August 20, 2023

Smoke Increased Rapidly this Afternoon But Soon Will Be History

 Call it a "smoke storm" perhaps, but the well-forecast onslaught of mainly British Columbia wildfire smoke came in with a vengeance.

But before I discuss the details, let me note that our new-found ability to predict the generation and movement of wildfire smoke has become extraordinarily good.   Good enough to help warn vulnerable populations days in advance.

And our ability to predict the winds that can initiate and expand wildfires has also developed rapidly.  Lahaina and similar wildfire disasters don't have to happen.

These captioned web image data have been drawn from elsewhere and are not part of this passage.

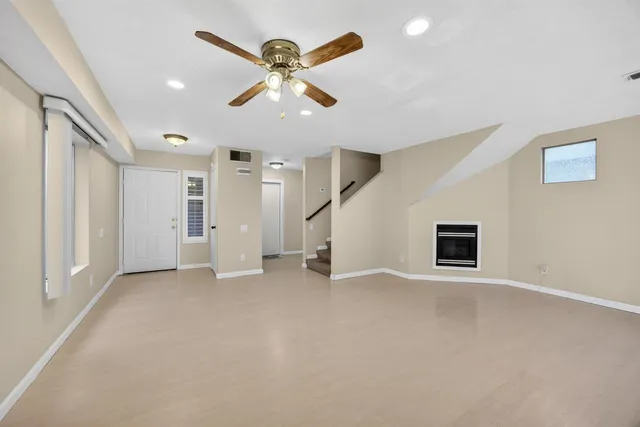 $299,950 | 525 Samuel Way, Sacramento, CA 95838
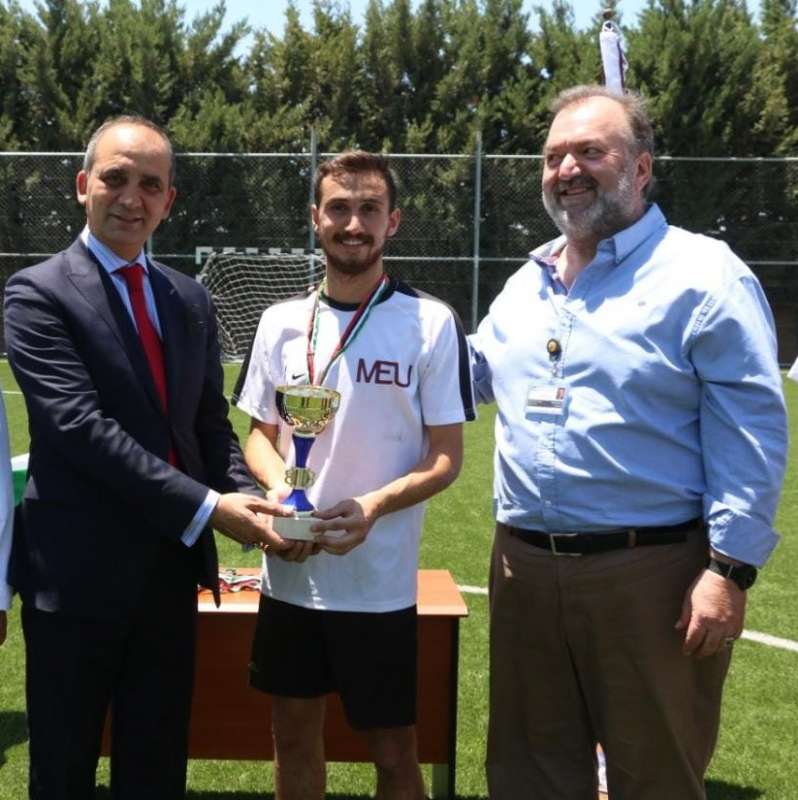 فريق جامعة الشرق الأوسط MEU يفوز بمباراة الخماسي لكرة القدم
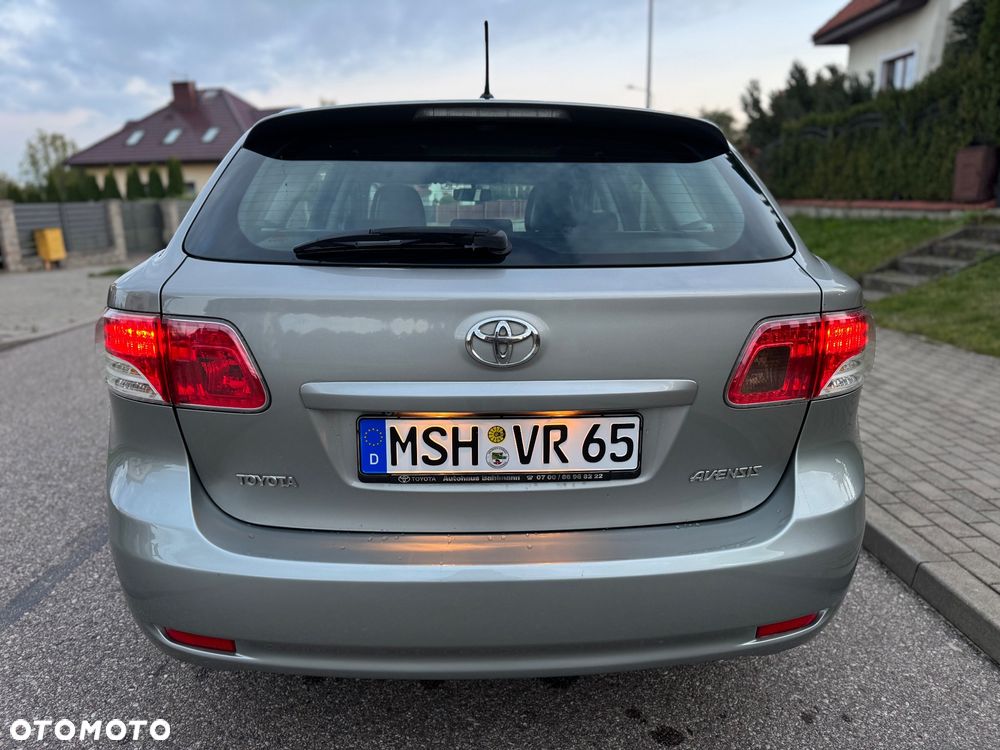 Toyota Avensis 2.0 D-4D Sol Premium - 9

The visible satellite imagery this afternoon shows both the smoke over portions of the Northwest as well as the plume of moisture associated with Tropical Storm Hilary (see below).  And if you look closely on the upper level part of the image you can see clear skies associated with clean ocean air.  

The smoke-free air will be here tomorrow morning.

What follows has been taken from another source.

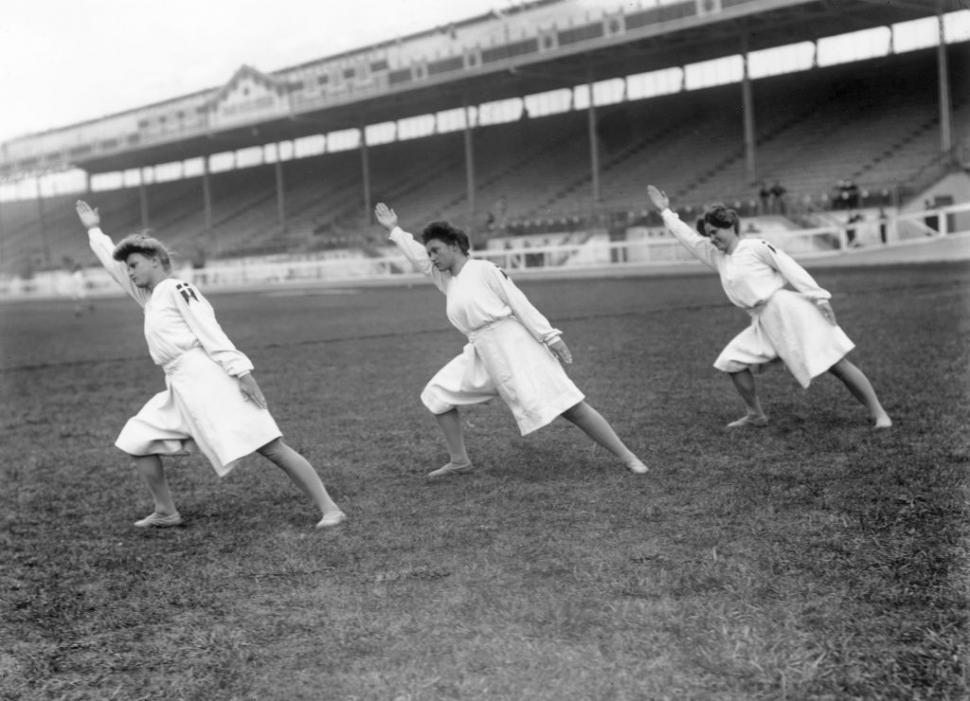 Imagini inedite de la Jocurile Olimpice din 1908. Doar 1% dintre sportivi erau femei. Erupția Vezuviului a mutat ediția la Londra 916671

The PurpleAir air quality map around 3 PM shows poor air quality (purple colors) over eastern Washington and seriously degraded air quality (reds) over much of western Washington and the Willamette Valley.
Better conditions over NW Washington and along the coast. 

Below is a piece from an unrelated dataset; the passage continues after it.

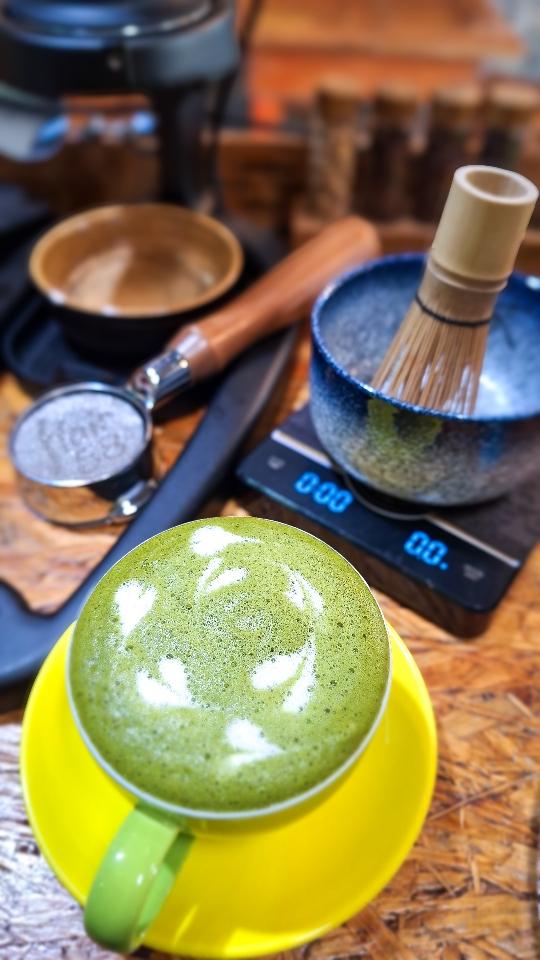 Matcha Latte-duoc-ban-tai-Tiệm Cà phê XOAY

What was so startling about this situation was the rapid deterioration around noon over the western interior.

Smoke initially came in aloft, but it mixed rapidly down to the surface as the temperatures rose this morning.  To illustrate, take a look at the small particulate concentrations today near Boeing Field in Seattle (below).  

Wow... at 8 AM, the PM2.5 (small particle) concentrations were around 15 micrograms per cubic meter but rose to about 120 by mid-afternoon.   

I don't go running when it is above 75.

Why did it go up so quickly?  

Because the atmosphere and the movement of smoke particles are highly three-dimensional.

Let me show you.

Puget Sound Clean Air Agency has acquired devices called ceilometers that can measure the distribution of smoke and particles above a location (it uses upward-directed laser beams to sample the smoke distribution above).

Observations from the ceilometer at Marysville, Washington (below) showed smoke coming in aloft overnight, with the yellow colors being the highest concentrations.   

But look at what happened after noon (time increase to the right).  YIKES.  The yellow colors extended all the way to the surface...and thus our air quality degraded.

Why did this happen?   It had to do with vertical mixing.   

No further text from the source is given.